You can fish below spillway. You *can not*, I repeat *can not *fish on the other side of the spillway. There are gigantic fish in the lake itself. I have seen pictures first hand of peple that live on the road that sneak over and fish the lake. There has been more than one "by the darkness of night and new moon" canoe adventure. Just don't get caught fishing in Stumpy Lake. Only thing I can think of is it is VA Beach and Queen Mayor says, no. I have lived in VA Beach all my life and can count on 1 hand the number of things this commonwealth does that actually makes sense.


----------



## BigBlueFord (Jul 26, 2008)

I definately agree with you about Va.

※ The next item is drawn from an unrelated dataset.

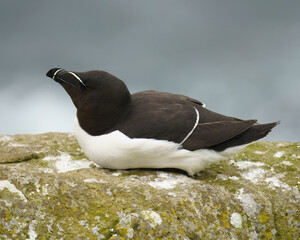 Razorbill sitting on a rock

Beach, Im just stating what *I* see on a daily basis, thats all...


----------



## Fish4Food (Jun 17, 2004)

Cotton Mouth out the gazoo... be careful if your gonna poke around beyond the spillway.

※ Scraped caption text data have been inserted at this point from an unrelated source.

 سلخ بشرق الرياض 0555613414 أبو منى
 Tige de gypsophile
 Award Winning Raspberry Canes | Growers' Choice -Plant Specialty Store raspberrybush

The reason I've heard it's offlimits is, because it's part of the Norfolk resevoir system for drinking water.. which doesn't make sense, since they allow fishing in other resevoirs in the area. I've also heard something about unexpended WWII ordinance being on the bottom of this shallow body of water. 

Either way i've fished both sides of the spillway and have caught a few nice bass. I've also seen the warden out there warning folks that they can fish the spillway only.

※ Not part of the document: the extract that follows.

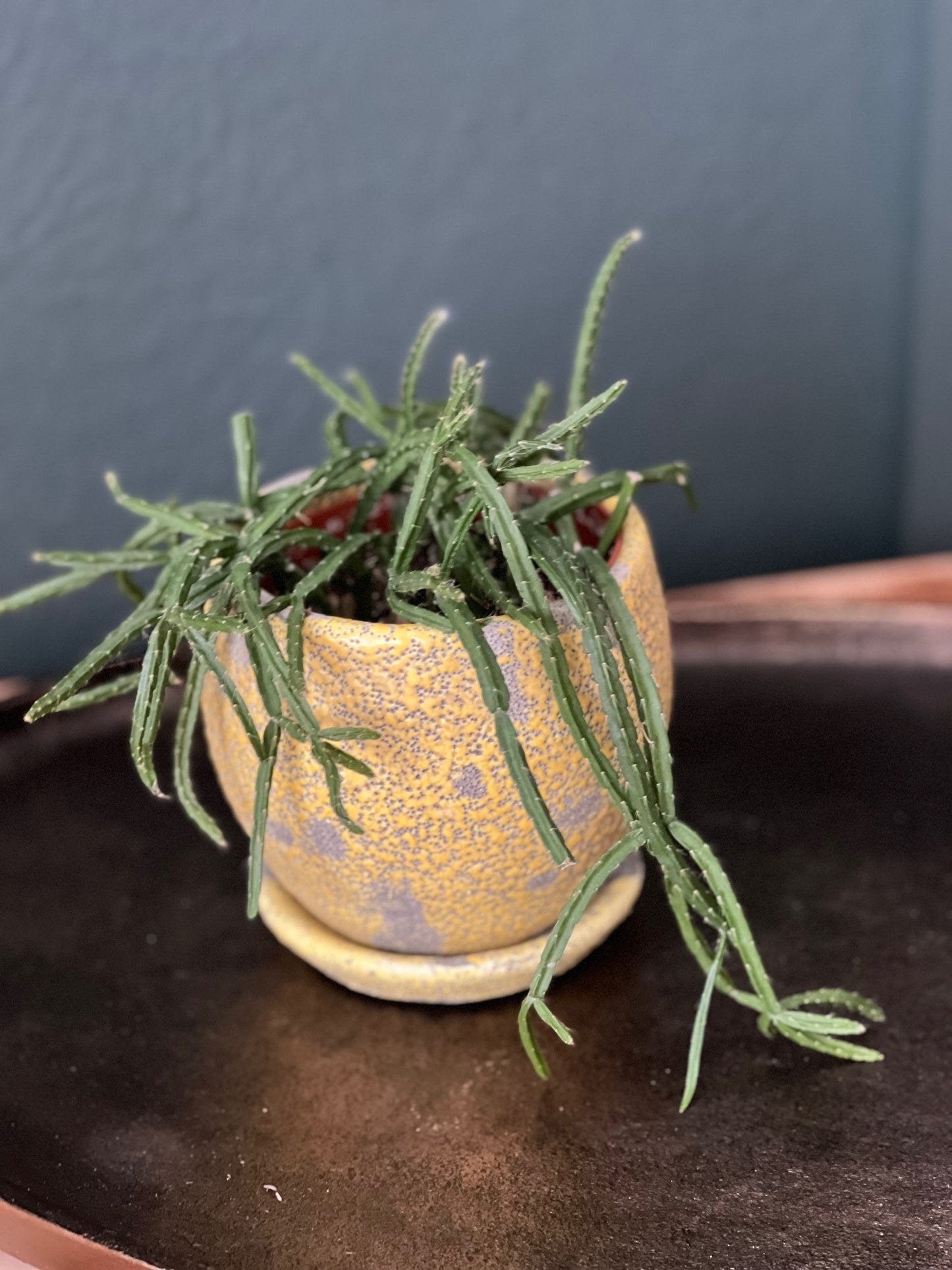 Potted Rhipsalis Plant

There is a nice Shad run there at the spillway in the spring....


----------



## ShoreFisher72 (Jul 13, 2005)

Sully said:


> As a kid we fished there, some forty years ago great fishing but the place was full of cotton mouths.


oh man u arent kidding . many years ago we went there at night and fished on the spillway , there were at least 3 large 4ft plus snakes.


----------



## 1morecast (Jul 13, 2008)

will call the city on Monday and get the scoop...... if it is illegal to fish why are there no signs posted???


----------



## Fish4Food (Jun 17, 2004)

There used to be signs, but if there aren't, then I think you'd be ok and only advised by a warden. Calling the city is your best option.


----------



## BigBlueFord (Jul 26, 2008)

Fish4Food said:


> There used to be signs, but if there aren't, then I think you'd be ok and only advised by a warden. Calling the city is your best option.


Be careful with the posted sign deal. When it comes to hunting on property, to hunt on "posted" property, you have to have written permission from the landowner. To hunt property that is not posted you must have verbal permission...... Bottom line is, if Va, Beach owns it, youre screwed either way.....


----------



## PacoPinkster (Aug 2, 2007)

well as you drive into the golf course there are a few signs posted on BOTH sides of the entrance that say "no fishing in this area"...so i'm still a little confused on where you can, where you can't, and if you are supposed to fish at all...thanks for all of the input though everyone.


----------



## 1morecast (Jul 13, 2008)

We discussed this on LIP tonight and the City does not own this property anymore, there are signs by the spillway deeper into the woods, the others that use to be there???


----------